I've been doing some research on how to move zipped S3 data to Elasticsearch. On Aws website there is information where you could create a lambda that unzips file and re-upload it then move it to ES. Right now since I do not have too large dataset I am downloading data into my local computer and sending it to ElasticSearch with correct format.
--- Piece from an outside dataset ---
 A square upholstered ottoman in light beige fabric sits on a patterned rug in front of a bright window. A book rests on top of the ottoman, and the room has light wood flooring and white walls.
Both method seems inefficient and I am wondering if there is a way to unzip file then move it to Elasticsearch w/o downloading or re-uploading data.
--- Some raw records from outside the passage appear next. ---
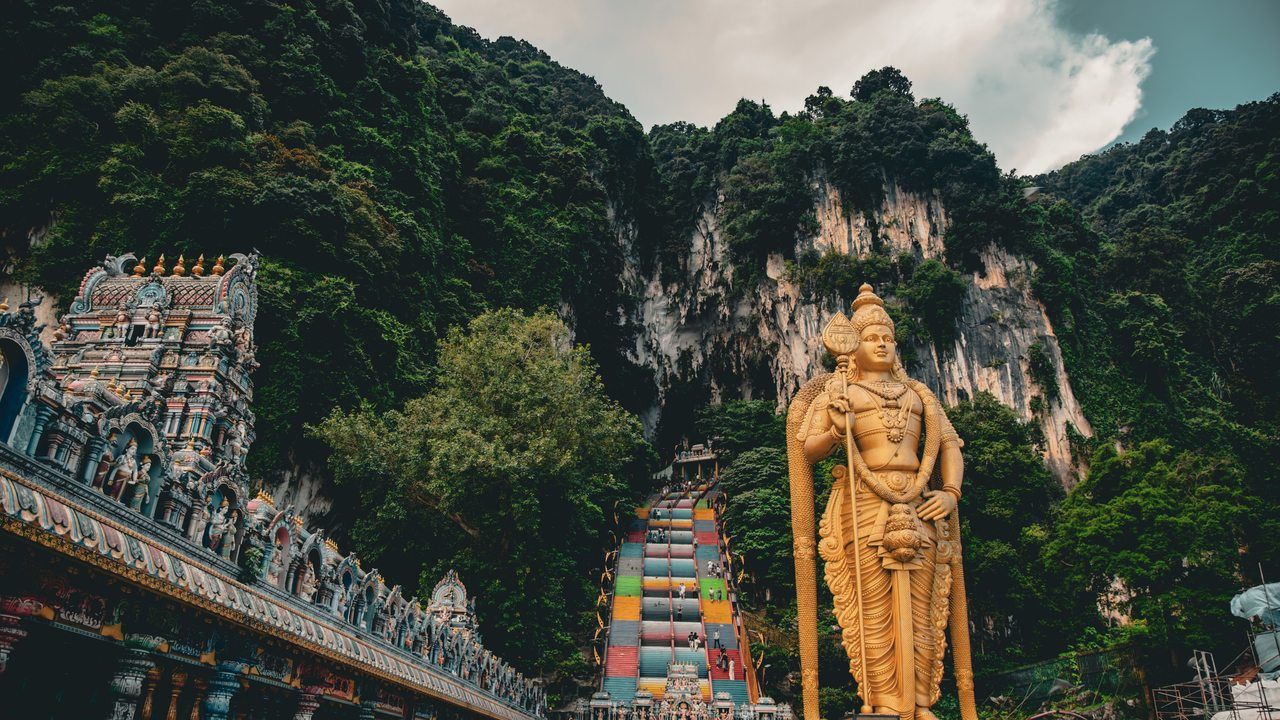 Wide view of Batu Caves with the golden Lord Murugan statue and colorful rainbow steps in Malaysia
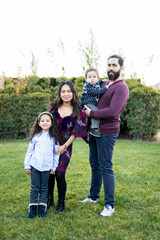 Fototapeta premium The interracial family is active and enjoys a day at the park. Successful adoption. The family poses standing as they look into the camera. Concept of multiethnic or interracial family.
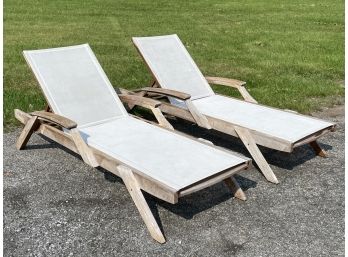 A Pair Of Modern Teak And Webbed Lounge Chairs By Pottery Barn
Right now this is my code:
s3 = boto3.resource('s3')
s3.Bucket(bucket).download_file(key, 'download_path')
ip_pattern = re.compile('(\d+\.\d+\.\d+\.\d+)')
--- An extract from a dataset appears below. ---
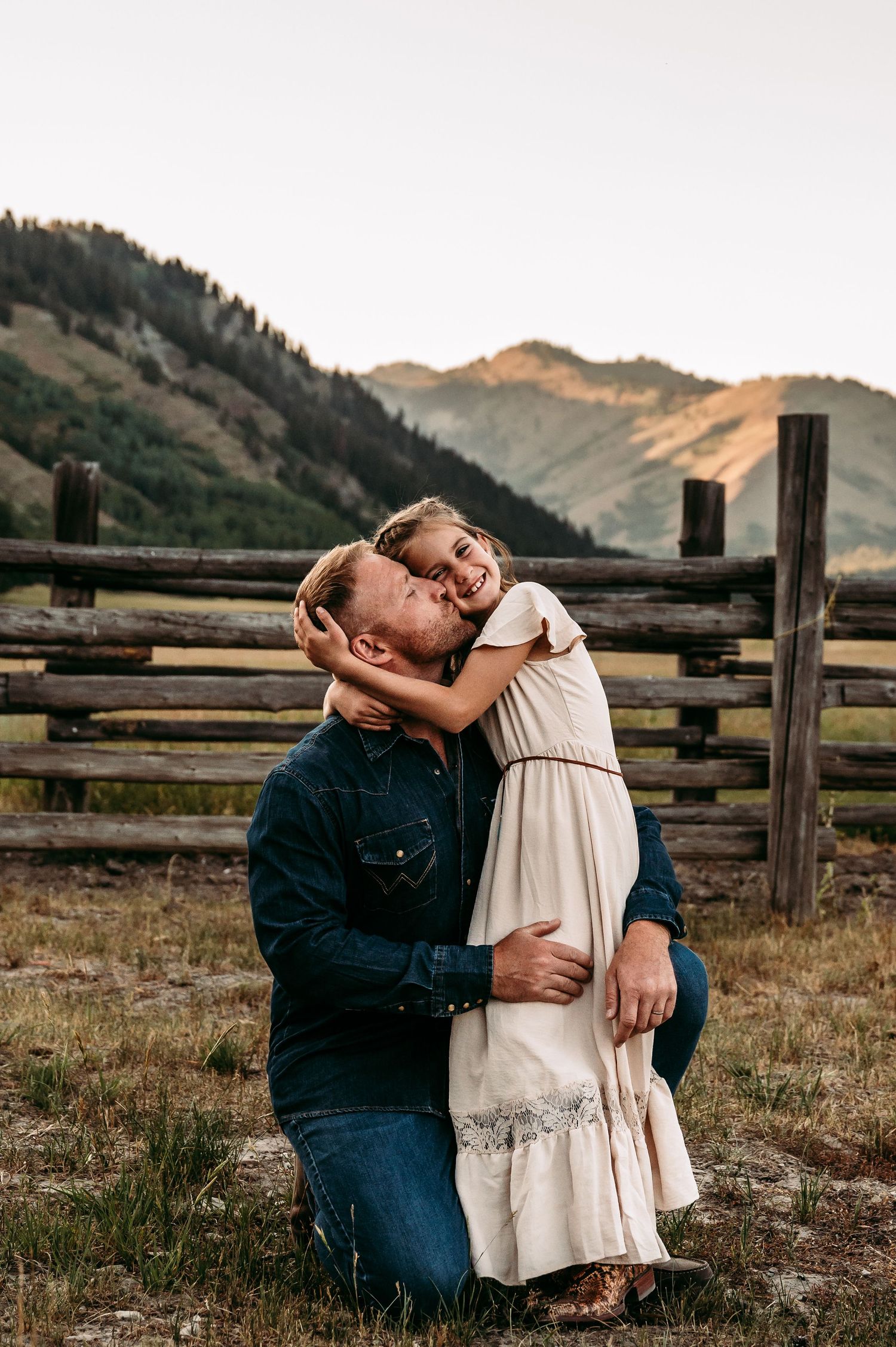 A father kneels in a mountain meadow, kissing his smiling daughter in a white dress near a rustic wooden fence.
time_pattern = re.compile('\[(\d+\/\w\w\w\/\d\d\d\d:\d\d:\d\d:\d\d\s\+\d\d\d\d)\]')
message_pattern = re.compile('\"(.+)\"')
with gzip.open('download_path') as files:
data = ""
document = {}
for line in files:
line = line.decode("utf-8") # decode byte to str
ip = ip_pattern.search(line).group(0)
timestamp = time_pattern.search(line).group(0)
message = message_pattern.search(line).group(0)
document = { "ip": ip, "timestamp": timestamp, "message": message }
If there isn't any better way I will use above code.